■ Problem description: Each record that follows should be repeated exactly, with no pictures carried over.

[Scraped caption text data]
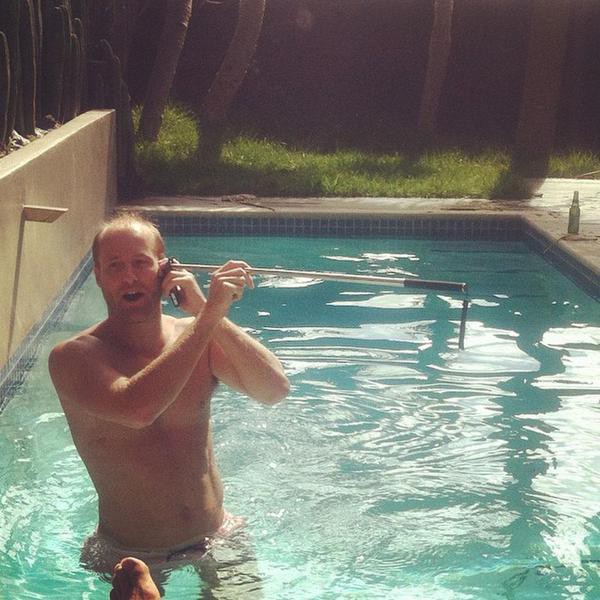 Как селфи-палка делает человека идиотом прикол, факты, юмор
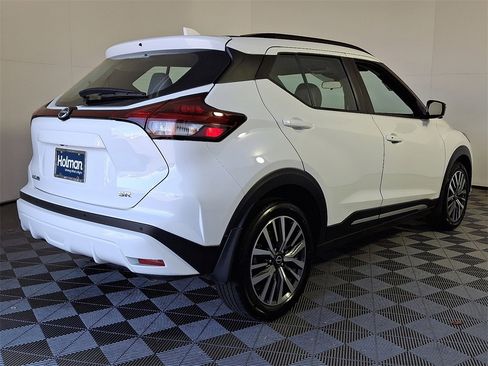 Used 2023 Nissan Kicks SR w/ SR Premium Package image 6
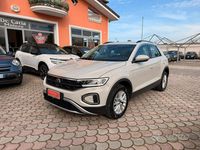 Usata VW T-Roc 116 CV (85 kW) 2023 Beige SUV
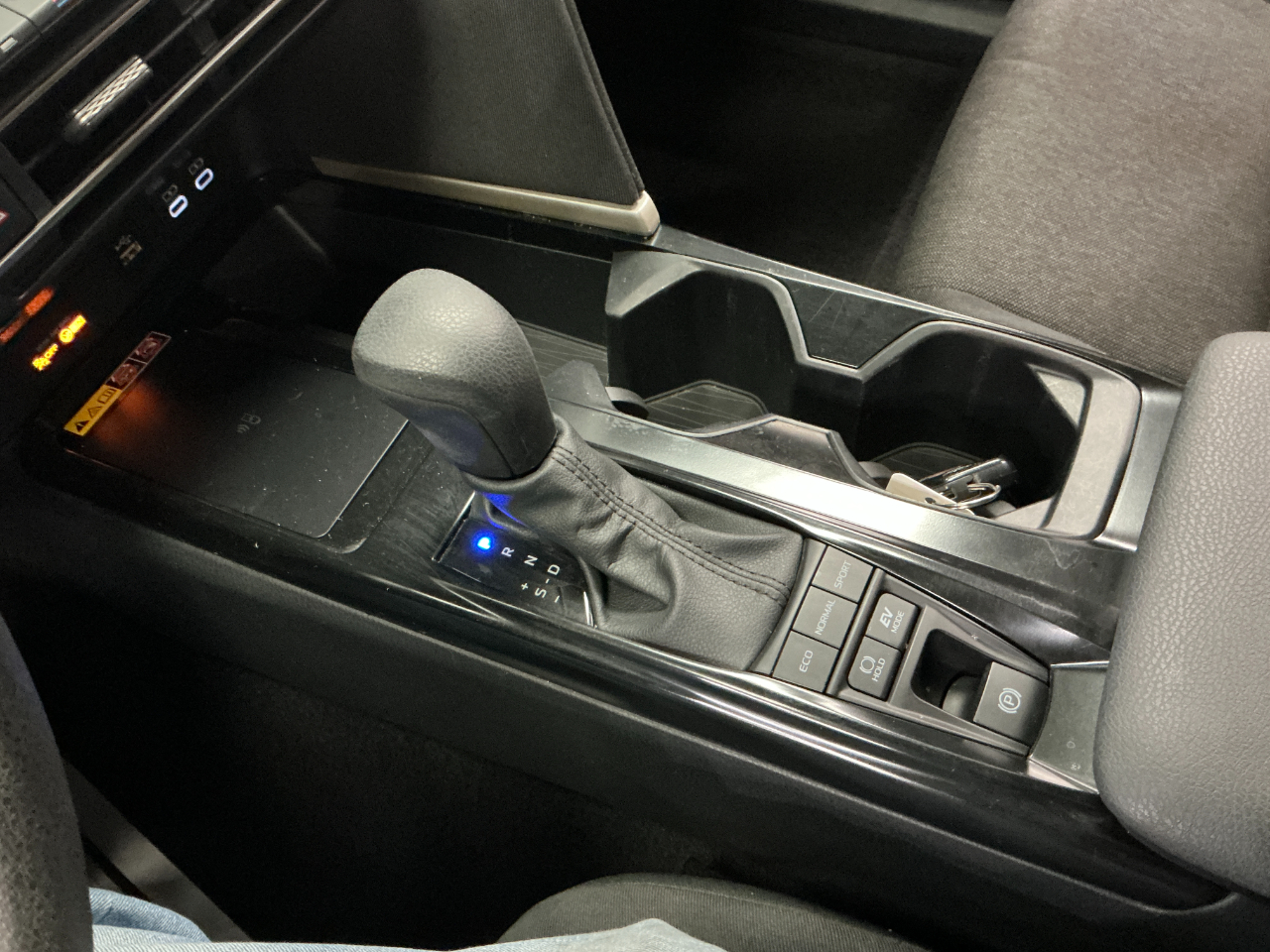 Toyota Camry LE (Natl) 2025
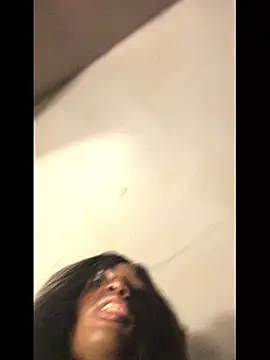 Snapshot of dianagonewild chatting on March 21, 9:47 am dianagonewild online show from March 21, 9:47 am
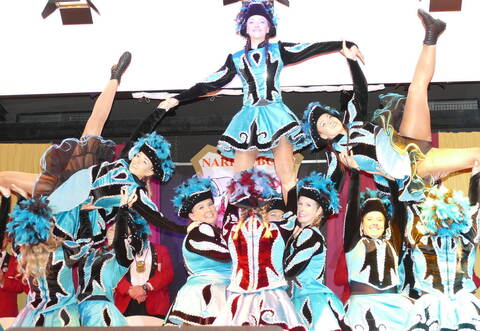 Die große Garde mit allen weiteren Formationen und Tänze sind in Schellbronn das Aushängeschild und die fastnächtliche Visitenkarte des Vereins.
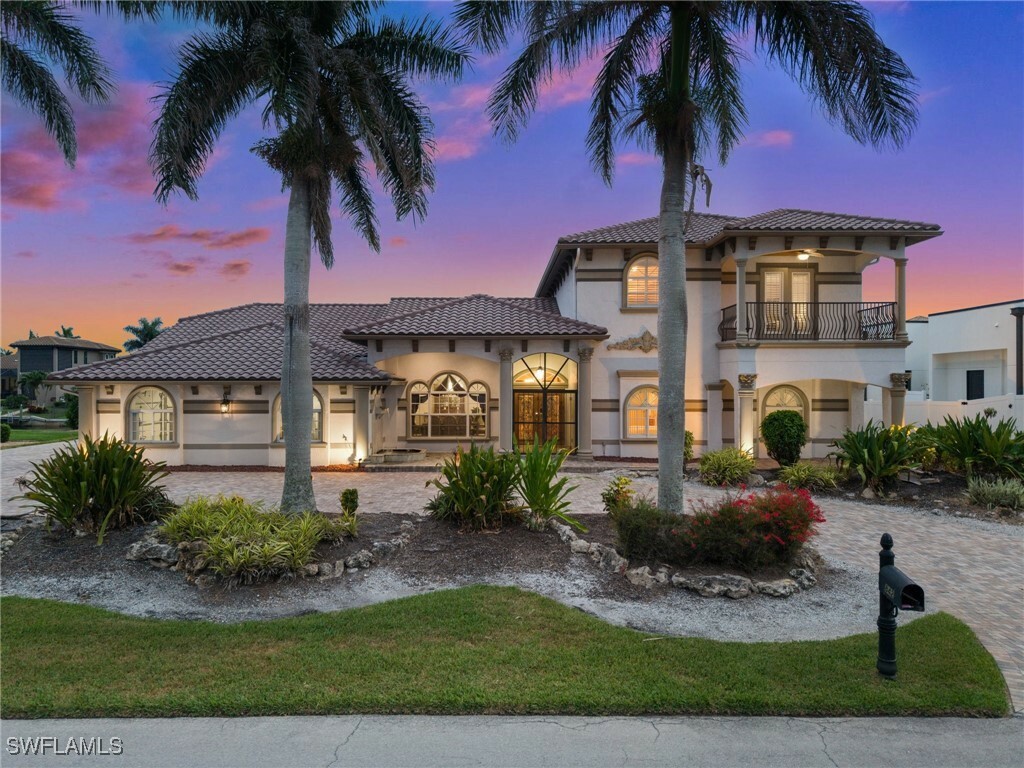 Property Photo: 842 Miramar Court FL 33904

■ Response below:
 Как селфи-палка делает человека идиотом прикол, факты, юмор
 Used 2023 Nissan Kicks SR w/ SR Premium Package image 6
 Usata VW T-Roc 116 CV (85 kW) 2023 Beige SUV
 Toyota Camry LE (Natl) 2025
 Snapshot of dianagonewild chatting on March 21, 9:47 am dianagonewild online show from March 21, 9:47 am
 Die große Garde mit allen weiteren Formationen und Tänze sind in Schellbronn das Aushängeschild und die fastnächtliche Visitenkarte des Vereins.
 Property Photo: 842 Miramar Court FL 33904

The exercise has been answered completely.